Metrics glossary¶

Metrics are always relative to an embedding model and corpus — treat absolute numbers as relative comparators between strategies in the same run, not as certificates of production quality.

For how scores are combined per use case, see Metrics reference. Field definitions below match EvalMetrics in chunktuner.models.

Retrieval metrics¶

`token_recall`¶

Definition: Share of gold answer tokens (from answer_spans in each EvalQuery) that appear in the union of retrieved chunk token sets (within the effective context window).
Range: 0–1
Direction: Higher is better
Example: 0.85 means about 85% of answer tokens were covered by at least one retrieved chunk.
Use cases: Strong weight in rag_qa, summarization, code_assist (see score_profile_weights in chunktuner.config).

`token_precision`¶

Definition: Share of retrieved tokens (union of top chunks) that overlap gold answer tokens.
Range: 0–1
Direction: Higher is better
Use cases: Informative for rag_qa; often paired with recall.

`token_iou`¶

Definition: Token-level IoU between gold and retrieved unions: |gold ∩ retrieved| / |gold ∪ retrieved|.
Range: 0–1
Direction: Higher is better
Intuition: Penalizes both missing answer text and noisy extra text.
Use cases: rag_qa profile weights IoU alongside recall.
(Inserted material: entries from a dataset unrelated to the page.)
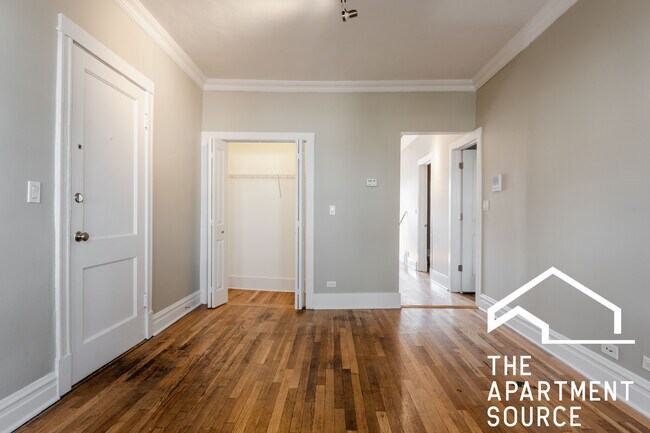 Photo - 3141 W Wellington Ave Unit 2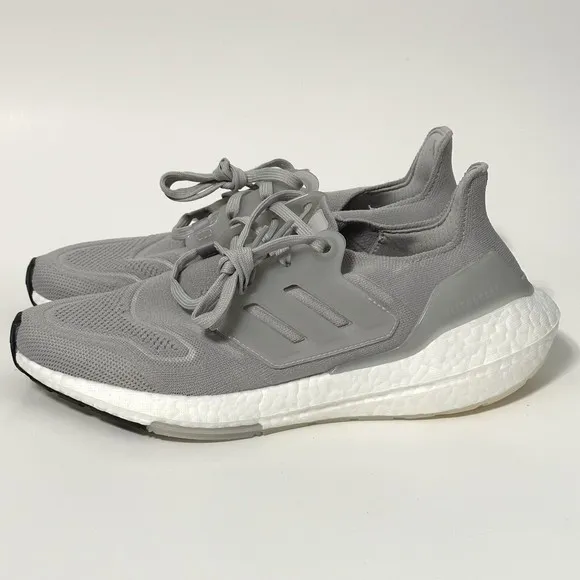 Adidas Ultraboost 22 Women’s Size 9 Gray Running Shoes Sneakers GX5594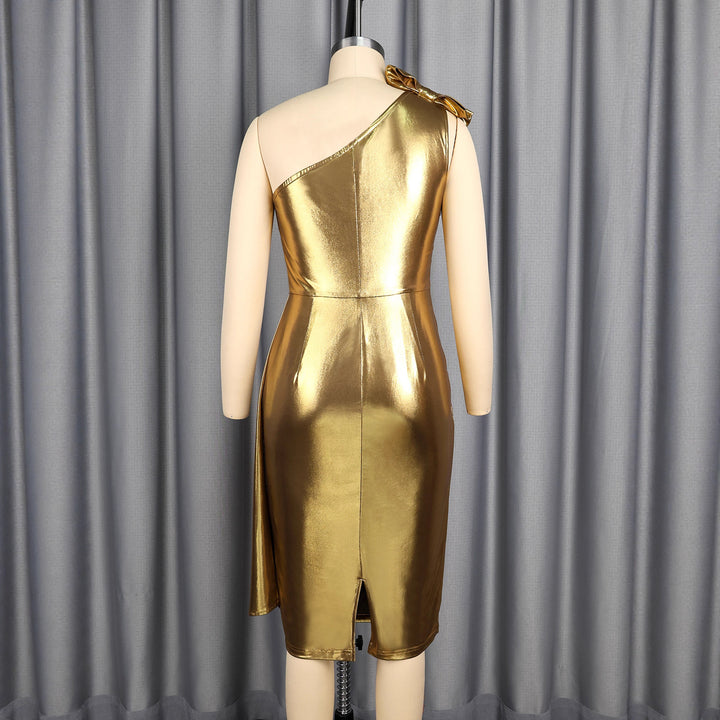 Damen Elegantes Abendkleid mit asymmetrischem Schnitt und voluminösem Drapierungselement Echo Archiv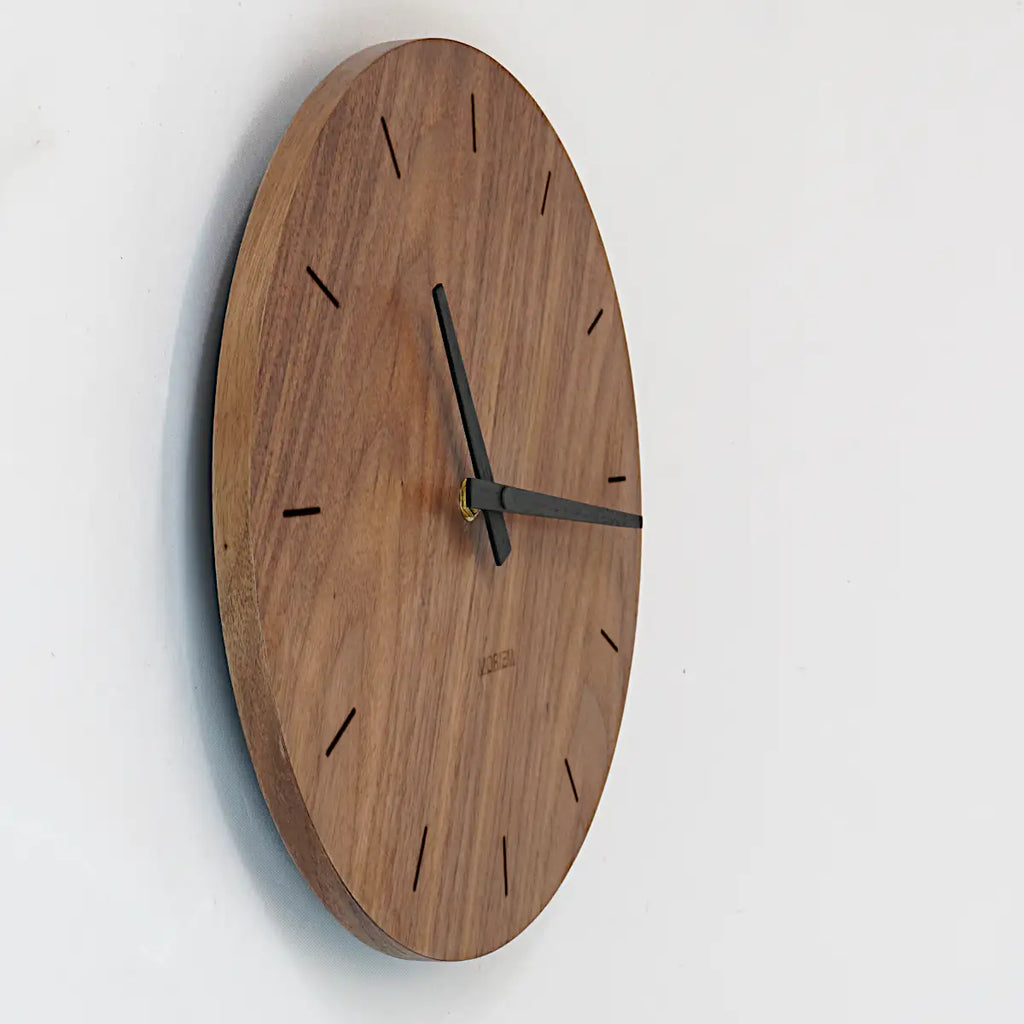 Küchen Wanduhr modern 30 cm  Nussbaum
`recall_at_k` (keys 1, 3, 5)¶

Definition: For each k, whether any of the top-k retrieved chunks hits a gold token (binary per query), then averaged across queries. Stored on EvalMetrics.recall_at_k as integer keys; ScoreCalculator maps the search profile’s recall_at_1 weight to recall_at_k[1].
Range: 0–1 per k
Direction: Higher is better
Use cases: search emphasizes recall at 1; rag_qa uses multiple k.
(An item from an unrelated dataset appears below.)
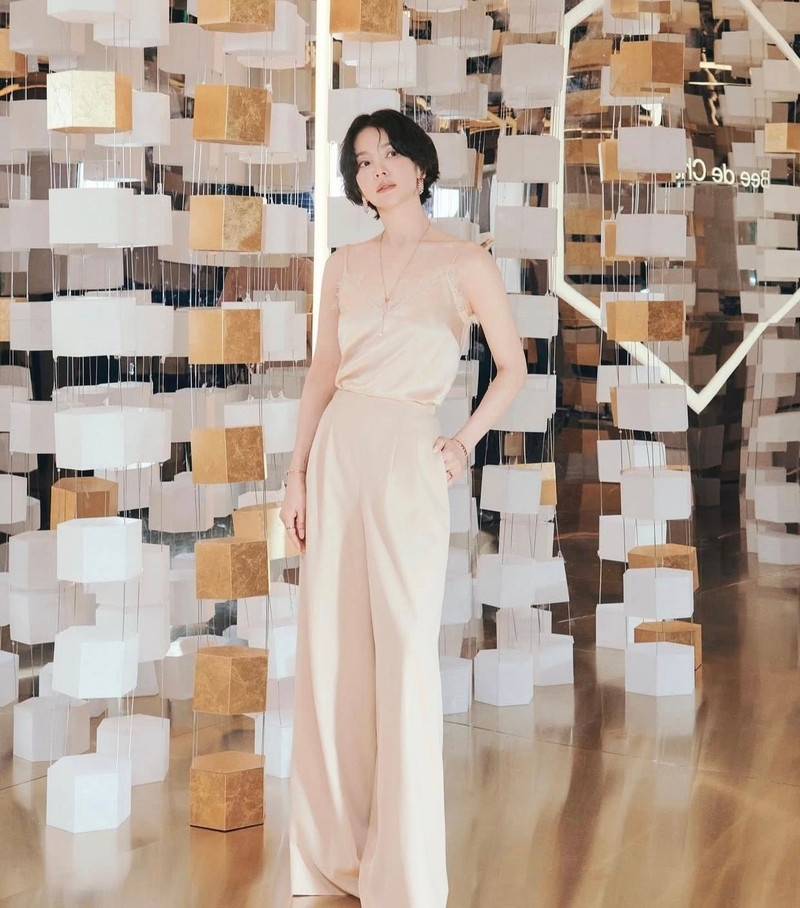 Song Hye Kyo thu hút mọi ánh nhìn, lột xác gợi cảm khi diện 'đồ ngủ' đi sự kiện Song Hye Kyo thu hút mọi ánh nhìn, lột xác gợi cảm khi diện 'đồ ngủ' đi sự kiện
`mrr` (mean reciprocal rank)¶

Definition: Average of 1 / rank of the first relevant chunk (0 if none), where relevance means overlap with gold answer tokens.
Range: 0–1
Direction: Higher is better
Intuition: Rewards putting the first “hit” chunk earlier in the ranking.
Use cases: rag_qa, search, code_assist.

`ndcg_at_k` (keys 1, 3, 5)¶

Definition: Normalized discounted cumulative gain using binary relevance (chunk hits gold tokens or not), computed per k on EvalMetrics.ndcg_at_k.
Range: 0–1 per k
Direction: Higher is better
Intuition: Penalizes relevant chunks that appear late in the ranked list.
Use cases: Ranking quality for retrieval-heavy profiles.

`duplication_ratio`¶

Definition: Among token positions covered by retrieved chunks, the fraction of tokens that appear in more than one chunk (within the selected top set). Implemented in chunktuner.eval.evaluator.
Range: 0–1
Direction: Lower is better (less redundant context).
Use cases: Penalized in default score profiles via negative weights.

`avg_chunk_length`¶

Definition: Mean tiktoken length of all chunks produced for the corpus in this run.
Range: roughly 0–∞ tokens
Direction: Neither strictly higher nor lower; profile-dependent.
Use cases: summarization weights longer chunks slightly positively; compare across strategies rather than chasing a single global optimum.

`chunk_length_std`¶

Definition: Standard deviation of per-chunk token lengths.
Range: 0–∞
Direction: Lower is often better for uniform pipelines (code_assist applies a negative weight).
Intuition: High variance can mean a mix of tiny and oversized chunks.

`avg_tokens_per_query`¶

Definition: Average total tokens in retrieved chunks per query (after effective-k truncation).
Range: 0–∞
Direction: Lower is better for cost/latency (profiles use negative weights).
Intuition: Measures how “fat” the retrieval window is per query.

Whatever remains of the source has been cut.